I dig it, though I think the money is perhaps a bit much for a guy with McGee’s checkered injury history. What’s interesting to me is that these predictions have the Cubs spending $15M AAV on Reed and McGee, neither one a closer, while Davis heads to Houston for that exact amount (see below). That’s a lot for one dude, but I’d just as soon retain their stopper and fill in the ‘pen with cheaper options.


4) Jake Arrieta – Brewers; four years, $100M

This feels too low. Like, way too low, in terms of both time and value. If this is all it takes to land the former Cy Young winner, why would the Cubs let him walk? And to go to the Broors, of all teams. Beyond that, it makes no sense whatsoever that the Cubs would balk at $100M for Arrieta but would spend 60 percent more over two additional years for Darvish.

I find it very hard to believe that Arrieta can’t get more AAV over more years in a more desirable location. Don’t get me wrong, Milwaukee is a fine place for fans of American macrobrews and dairy products. But that’s not really Arrieta’s bag, baby.

8) Wade Davis – Astros; four years, $60M

This makes sense. The Astros can afford it and the money fits with what we’d expect Davis to get on the open market. All things considered, though, I could see the Cubs paying for Davis before ponying up for the Reed/McGee combo we saw earlier.

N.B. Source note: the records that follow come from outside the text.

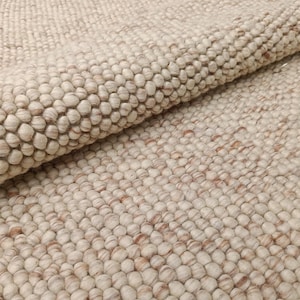 Puede incluir: Primer plano de una alfombra de lana de color crema con una superficie texturizada y abultada. La alfombra está hecha de pequeñas bolas redondas de lana que están estrechamente tejidas.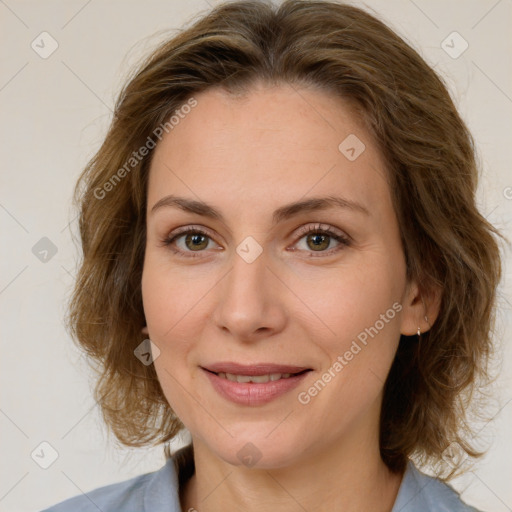 Joyful white young-adult female with medium  brown hair and green eyes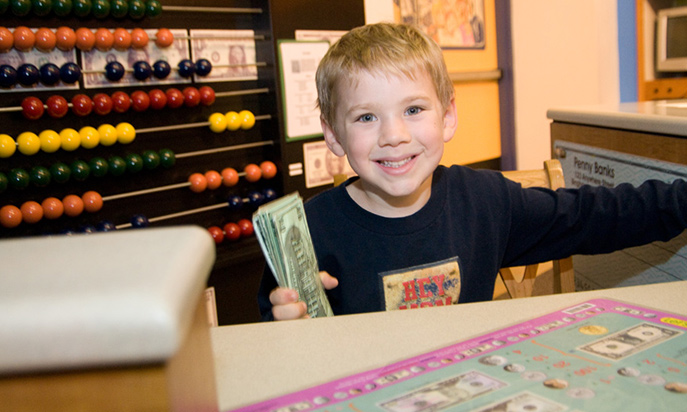 Boy playing at banking exhibit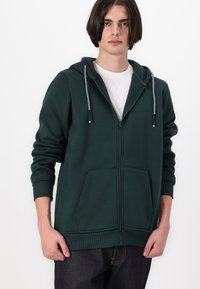 Zöld, cipzáros kapucnis pulóver, puha anyagból készült, kapucnival, két elülső zsebbel és kontrasztos húzókábellel. Fehér póló fölé van viselve.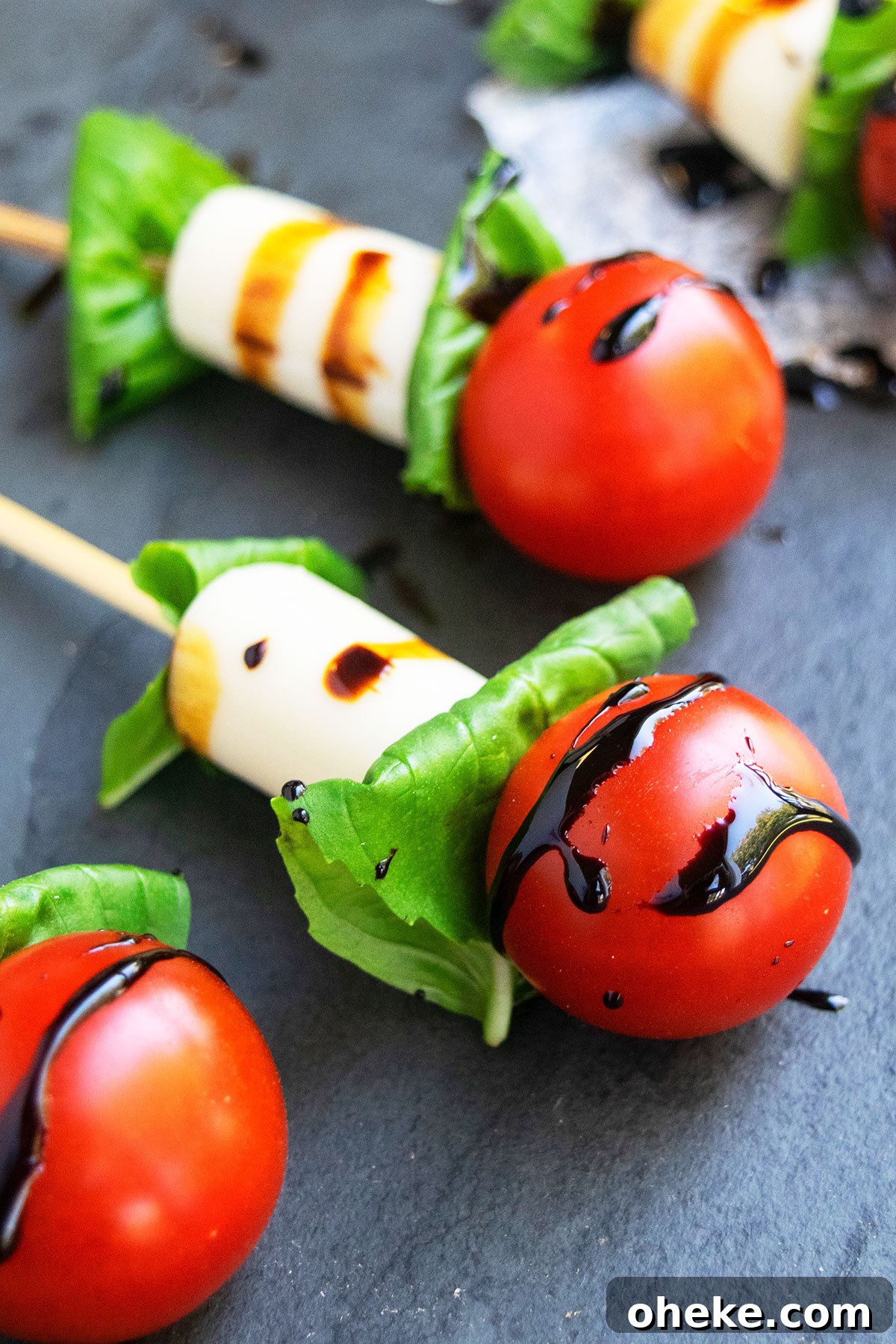 Caprese Skewers on One Pan: Quick Tomato, Basil & Mozzarella Recipe 4 Mini caprese salad kabobs on charcoal gray dish.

32) Alex Avila – Yankees; two years, $16M

Avila will parlay the best season of his career into the biggest contract of his career. When discussing him as a trade possibility for the Cubs, I wrote that he’d have a chance to earn more on his next deal than he had over eight previous seasons combined. This might not equal that $18.3M total, but it’s close. The Yankees already have a catcher, though, don’t they. Whatever, Avila and Sanchez can trade off between catching and DH duties.

39) Jon Jay – Rangers; two years, $14M

Jay played himself into a comfortable deal with a bounceback performance this past season, which is nice. He was more than adequate in Chicago, but there’s simply no room for him on a roster that needs to let its young talent develop.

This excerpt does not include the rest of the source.